ChimpanzeeThatMonkeyNews · 21/12/2025 15:47

I couldn’t possibly have a sexual relationship with a man who says that food shopping is ‘super triggering’.
He’s obviously a man who has been indulged by those around him, and i wouldn’t allow myself to be the latest adult to do so.

That one sentence would have sealed his doom for me.

TwistedWonder · 21/12/2025 15:47

Sadly11 · 21/12/2025 15:40

Word for word last message he sent me

I don’t care if I dropped my pants and helicoptered my knob in the veg aisle, you doing that was fucking shocking to me. However minor and unimportant it no doubt is to you. So I remain fuvking furious and upset, and, for the last time, shattered. Can I be left alone now

He’s a fucking batshit mental abusive cunt

Why just why are you even debating what to do?

Might have been better if he had got his dick out in Tesco - at least he’d be in a cell were he belongs

Forever1973 · 21/12/2025 15:48

BeingATwatItsABingThing · 21/12/2025 15:46

So you’d stay with him even if he sexually assaulted you in a shop? I think the silent treatment is somewhat secondary to that (although still abusive).

It's hard to judge what happened in the supermarket without having been there.

TwistedWonder · 21/12/2025 15:48

Baahbaahmutton · 21/12/2025 15:47

I am always curious on mumsnet, where do you find these guys?

Cunts R Us

Silverbirchleaf · 21/12/2025 15:48

“He kept grabbing my chest, pulling my skirt up (not fully but still uncomfortable) he’s making gestures with his penis and making inappropriate comments, there were kids around.”

That’s gross. Why would you want to stay with him after this?

Go home and get yourself a lively takeaway for your birthday.

Happy birthday for tomorrow!

soupyspoon · 21/12/2025 15:48

vanillalattes · 21/12/2025 15:45

Yes, and to pin it on ND without any proof is incredibly offensive - as someone who claims to work with neurodiverse people, you should know better.

Lol, I have seen this behaviour a lot unfortunately and its very much about their coping strategies and behaviour management and no amount of training can help some, but helps others. This is at the extreme end of course and it was a suggestion from me, Im not diagnosing anyone or pinning it on, he might be, he might not, its what sprung to mind hearing the outlandish behaviour and behaviour afterwards.

Its not that unusual in my client group, sorry to shock you.
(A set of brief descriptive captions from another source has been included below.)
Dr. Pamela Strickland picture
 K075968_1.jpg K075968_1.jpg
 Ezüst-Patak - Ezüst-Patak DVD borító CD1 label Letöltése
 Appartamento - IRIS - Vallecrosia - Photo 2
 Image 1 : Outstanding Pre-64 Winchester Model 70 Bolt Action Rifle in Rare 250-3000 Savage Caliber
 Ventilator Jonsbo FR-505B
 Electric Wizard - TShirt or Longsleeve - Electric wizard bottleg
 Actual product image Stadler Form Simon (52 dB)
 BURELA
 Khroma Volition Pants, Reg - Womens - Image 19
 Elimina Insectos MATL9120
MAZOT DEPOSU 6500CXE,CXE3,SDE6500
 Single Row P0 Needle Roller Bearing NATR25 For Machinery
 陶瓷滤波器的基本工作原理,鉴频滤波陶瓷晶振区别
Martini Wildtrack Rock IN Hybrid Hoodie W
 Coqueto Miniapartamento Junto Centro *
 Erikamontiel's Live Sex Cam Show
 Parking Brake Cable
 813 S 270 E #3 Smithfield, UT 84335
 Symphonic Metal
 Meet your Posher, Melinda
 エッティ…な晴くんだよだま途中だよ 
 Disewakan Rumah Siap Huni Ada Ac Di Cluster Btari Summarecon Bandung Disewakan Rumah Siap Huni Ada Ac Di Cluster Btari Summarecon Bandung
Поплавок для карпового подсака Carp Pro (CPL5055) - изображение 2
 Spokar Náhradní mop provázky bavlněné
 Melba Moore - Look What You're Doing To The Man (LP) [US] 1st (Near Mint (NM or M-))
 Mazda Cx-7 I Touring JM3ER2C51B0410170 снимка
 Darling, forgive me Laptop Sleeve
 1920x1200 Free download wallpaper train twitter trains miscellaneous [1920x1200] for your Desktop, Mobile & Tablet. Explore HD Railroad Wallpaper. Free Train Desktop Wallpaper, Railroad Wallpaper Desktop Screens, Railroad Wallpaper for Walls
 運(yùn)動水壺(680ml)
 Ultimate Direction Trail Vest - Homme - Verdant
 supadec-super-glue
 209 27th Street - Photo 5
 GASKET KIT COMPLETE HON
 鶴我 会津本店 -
Pootle23 · 21/12/2025 15:48

Are you dating a toddler?

Run, as fast as you can. I don’t care if it’s “triggering”, his behaviour is plain weird. He needs to grow up. How the hell does he think people dealt with shopping before home delivery! He’s a pathetic waste of space.

Leave and date an adult. Sorry he ruined your Birthday.

RitaandtheTiarasgonewiththewind · 21/12/2025 15:48

Hankunamatata · 21/12/2025 15:32

So his way of coping in supermarket is to grope you and make indecent comments intent of other people?????
No that's not triggering that's being a total dick

Coping strategy ..what a load of bollocks.
What was his coping strategy whilst not with a Gf /partner?
Get rid of he's a prick!

Brefugee · 21/12/2025 15:49

i think you need to take birthday and christmas out of it, unfortunately.

Tell him you are leaving now. And go. And never go/look back.